Cameroun : le régime d’attente
Cela fait plus de quarante jours que les Camerounais sont sans nouvelles de Paul Biya, président de la République depuis le 6 novembre 1982.
En quarante-deux années de règne, jamais le président camerounais ne s’était aussi longuement absenté, alors que ses séjours privés répétés à Genève (plus de cinq ans au total selon l’OCCRP) sont de l’ordre des routines de son pouvoir. La durée de son absence comme celle de son règne produisent plus que par le passé, des discours sur la vacance du pouvoir[1] et confirment l’impatience généralisée d’un pays qui demande l’avènement d’une vraie société nouvelle.
Face à l’incertitude persistante autour de la santé du président et au moment où d’énièmes rumeurs l’annoncent une nouvelle fois mort, de nombreux internautes ont mis en scène « la veillée sans corps de Paul Biya », pleurant et s’inquiétant d’un départ « précoce » et ses conséquences pour la stabilité du pays.

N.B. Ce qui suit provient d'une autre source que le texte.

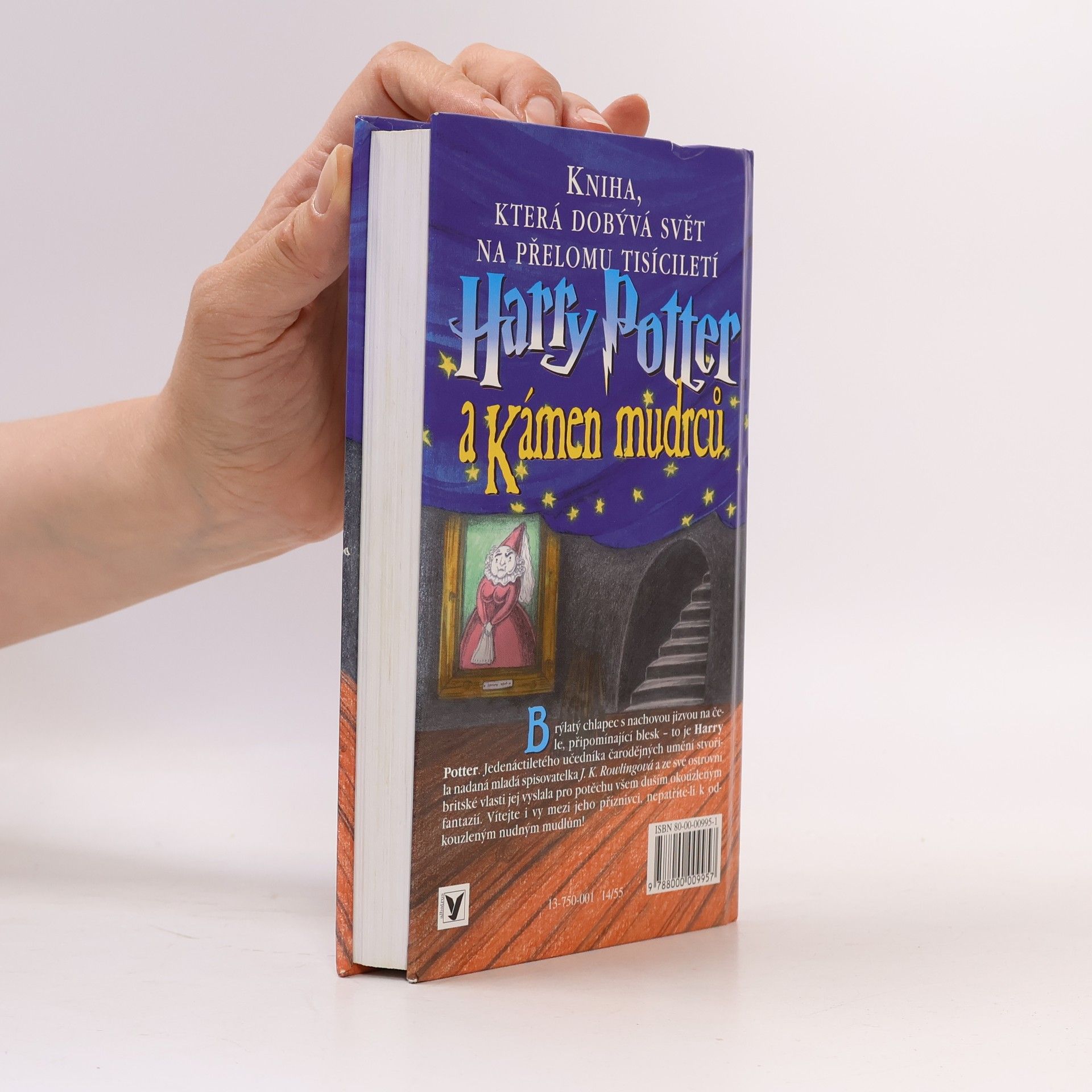 J. K. Rowling Harry Potter a kámen mudrců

Quelles que soient les interprétations de cette demande sociale d’informations claires sur la santé du président, et donc sur le corps même du pouvoir, la question de sa capacité à rester aux commandes d’un pays aussi fragile que divers, traduit une grande inquiétude sur les possibles de ce long règne.
Et, comme l’explique Alexander Motyl[2] dans son étude sur les déclins impériaux, ces moments critiques surviennent lorsque l’impatience est performée comme une force de changement social. Je propose ici d’explorer la situation camerounaise par le régime d’attente dans lequel elle se trouve, car le long règne de Paul Biya, qu’il soit à son crépuscule ou non, est un laboratoire de la manière dont un pouvoir éprouve le temps[3].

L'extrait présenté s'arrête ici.